English I 2019
The National Assembly is the legislative body of the Republic of Korea and is composed of members who are elected by the people to whom sovereignty belongs. On their behalf, the National Assembly enacts laws which are the foundation of state operation, deliberates, finalizes the budget, and makes important policy decisions.
The National Assembly has the legislative power to propose and pass constitutional amendments and to enact and revise laws. It deliberates and decides upon budget proposals and settles governmental accounts, and controls state affairs by auditing the overall administration of the state and inspecting specific issues. Furthermore, it has the right to approve the President’s appointment of key public officials, such as Chief Justice of the Supreme Court, President of the Constitutional Court, Prime Minister, and Chairman of the Board of Audit and Inspection, and the right to ratify major international treaties on behalf of the people. Moreover, it also actively engages in parliamentary diplomacy, which helps elevate the nation’s interests as well as its international profile.
There are 300 statutory members of the National Assembly. Two-hundred and fifty-three members are elected from single-member constituencies, and the remaining 47 gain office through a proportional representation system. With a term of four years, the cycle of the current 20th National Assembly runs from May 30, 2016, to May 29, 2020.
The National Assembly has one Speaker and two Deputy Speakers. They are elected at the plenary session through secret voting, and each serves a two-year term. As the leader of the legislative body, the Speaker represents the National Assembly, presides over the plenary session, and oversees the administration of the National Assembly. To maintain impartiality during the proceedings, the Speaker is not allowed to affiliate with any political party during his or her term of office. In case the Speaker is unable to carry out his or her duties within their term, a Deputy Speaker reserves the right to act in his or her place.
The National Assembly holds regular and extraordinary sessions. The regular session convenes on the first day of September every year and may not exceed one hundred days. Extraordinary sessions convene on the first day of February, April, and June (even-numbered months with the exception of August, October, and December) every year and may not exceed thirty days.

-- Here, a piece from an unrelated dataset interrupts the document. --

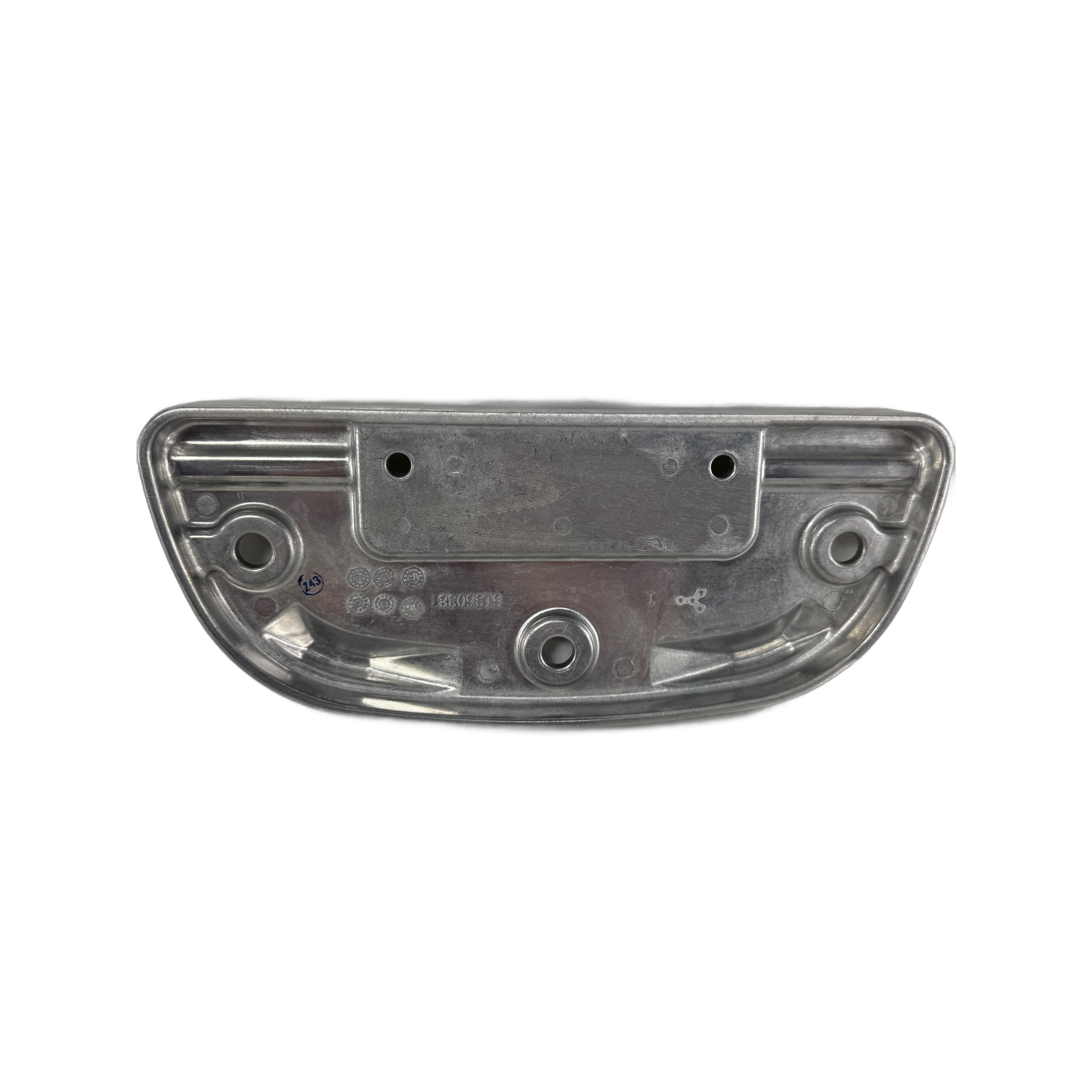 A metallic, oval-shaped Floorboard, Driver by Polaris with multiple holes and indents is shown from above on a white background, featuring a smooth finish and engraved markings that indicate it’s an OEM automotive component.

There are seventeen standing committees and one permanent special committee (Budget and Accounts) that examine bills prior to deliberation at the plenary session. Additional special committees may also be installed to deliberate on particular items. All members of the Assembly, with the exception of the Speaker, shall become a member of a standing committee for a two-year term according to their respective fields of expertise and interest.
Negotiation groups expedite the proceedings of the National Assembly as organizations to facilitate modern party politics. Any party with twenty or more Assembly members can form a negotiation group. In addition, twenty or more members who do not belong to a negotiation group may join together to set up a separate negotiation group. The composition of committees, formation of inter-parliamentary councils, and the number of speakers as well as the length of speech in meetings are determined by the proportion of members in each negotiation group.

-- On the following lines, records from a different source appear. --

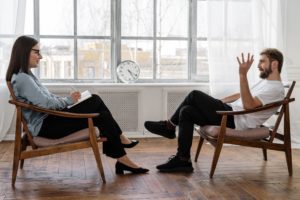 A man sits in a chair speaking to a therapist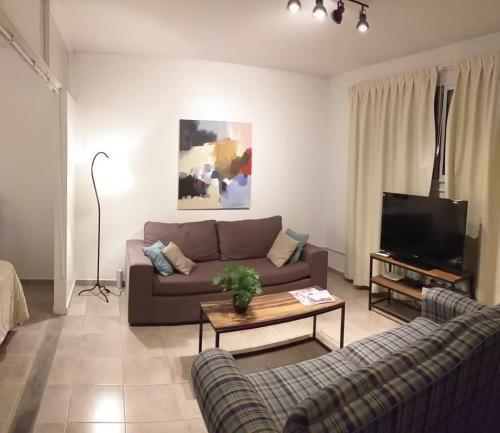 a living room with a couch and a tv at PUNTO COLON in Mendoza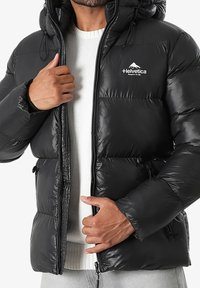 Homme portant une veste en duvet noire avec fermeture éclair et un pull en tricot blanc en dessous, ajustant le devant de la veste près du logo sur la poitrine.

The National Assembly Secretariat, National Assembly Library, National Assembly Budget Office (NABO), National Assembly Research Service (NARS), and support staff for representatives are components of the legislative support organizations that professionally and effectively support the authority and function of the National Assembly.
The function of the Secretariat is to support the overall parliamentary activities of lawmakers and to take care of the administrative work of the National Assembly. The Secretariat supports major legislative and parliamentary activities from supporting the smooth running of meetings, assisting the deliberation on legislative bills, and overseeing the budget and settlement of accounts and the inspection and investigation of state administration, to providing support for parliamentary diplomacy, handling civil complaints, and promoting National Assembly Broadcasting Station (NATV) services and the National Assembly as a whole.
The National Assembly Library was established to facilitate the legislative activities of lawmakers by collecting, managing, and providing necessary information regarding various pending issues and legislation. The general public also has access to the materials collected, even at night and on Sundays.
The National Assembly Budget Office (NABO) is a legislative support body specializing in financial matters that was established to promote parliamentary financial activities, including assistance in deliberating on the budget and settlement of accounts based on professional and impartial research and analyses.
The National Assembly Research Service (NARS) is an inde-
pendent legislative and policy research institute established within the National Assembly to strengthen its capacity in legislation and policy development. It conducts studies, research, and analyses on legislative and policy issues in an impartial and professional manner. NARS also collects, manages, and distributes related materials, and undertakes studies and analyses on legislative trends and cases at home and abroad in the respective fields to hand them over to Assembly Members and Committees.
Each member of the Assembly is entitled to have eight advisors to facilitate their parliamentary activities. The scope of their work ranges from support for legislative activities in terms of policy formulation to political affairs concerning communication with voters.